23 Temmuz 2023 Pazar

Günahkâr Akrabalara da Hecir Uygulanır!

 Said b. El-Museyyeb rahimehullah dedi ki: “Ebu Bekra radıyallahu anh, Ziyad ile anne bir kardeş idi. Ziyad’ın yaptığı işten dolayı Ebu Bekra radıyallahu anh onunla konuşmamaya yemin etti ve ölünceye kadar onunla konuşmadı.”[1]

Bizim zamanımızda böyle yapana: “Akrabalık bağını kopardı!” derler! Lakin bu zamanın halkının aldandığı şeyle aldanan karanlıklara girer! Zira onlar kişiye dinini karıştırırlar!

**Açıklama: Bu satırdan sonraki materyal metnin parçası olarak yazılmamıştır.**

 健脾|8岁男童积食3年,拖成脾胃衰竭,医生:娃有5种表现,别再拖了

İbn Ebi Cemre rahimehullah şöyle demiştir: “Sılayı rahim malla olur, ihtiyaçlara yardım etmekle, zararı gidermekle, güler yüz göstermekle ve dua ile olur. Kapsamlı mana şudur: İmkân bulunan hayrı ulaştırmak ve güç nispetinde zararı gidermektir. Bu, eğer akrabalar istikamet üzere iseler böyledir. Eğer akrabalar kâfir veya fâcir (günahkâr) iseler Allah için onlardan alakayı kesmek sılayı rahimdir. Bununla beraber onlara öğüt vermeye çaba sarfetmek, bunda ısrar ederlerse haktan geri durmaları sebebiyle onları bildirmek gerekir. Bu durum onların arkalarından doğru yola dönmeleri için dua ederek sılada bulunmayı terk etmeyi gerektirmez.”[2]

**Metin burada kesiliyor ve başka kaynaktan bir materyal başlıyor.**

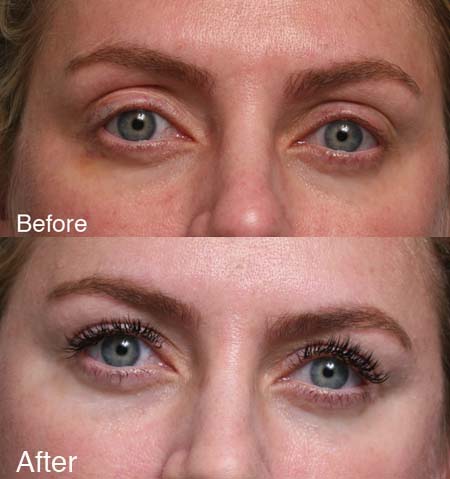 Fixing Botched Upper Eyelid beverly hills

“Eğer kafir veya facir iseler” sözüne dikkat et! Facir; günahkâr olan müslümandır. Yine: “Onlara sılayı rahim; Allah için onlardan alakayı kesmek ile olur” sözüne de dikkat et! İşte bu Allah için buğzetmenin hakikatidir! Nitekim İbn Ömer radıyallahu anhuma’nın oğlu Bilal’e karşı tavrı, İbnu’l-Museyyeb rahimehullah’ın babasına karşı tavrı, Ebu Bekra radıyallahu anh’ın tavrı ve başkalarının tavrı bu konuda örnektir.

Bazı insanlara problemli gelen “akrabalara hecir (dargınlık) uygulama” meselesini açıklayan hususlardan birisi de Allah Teâlâ’nın şu ayetidir:

Allah’a ve ahiret gününe iman eden hiç bir kavmin, Allah’a ve rasûlüne muhalefet eden kimselere, babaları, oğulları, kardeşleri veya aşiretleri olsa bile sevgi beslediklerini göremezsin. Kalplerine imanı yazmış ve kendisinden bir ruh ile onları desteklemiştir. Onları, altından nehirler akan cennetlere sokacaktır; orada süreklidirler. Allah, onlardan razı olmuş, onlar da O’ndan razı olmuşlardır. İşte bunlar Allah’ın fırkasıdır. Dikkat edin şüphesiz Allah’ın fırkası kurtuluşa erenlerin kendileridir.” (Mucadele 22)

Bu ayet kâfir akrabalara has değildir! Bilakis müslüman dahi olsalar baba, oğul, kardeş, aşiret mensupları bu kapsamdadırlar. Zira Allah’a rasulüne muhalefet ettikleri, Allah’ın haramlarını deldikleri takdirde bu ayetin kapsamındadırlar.  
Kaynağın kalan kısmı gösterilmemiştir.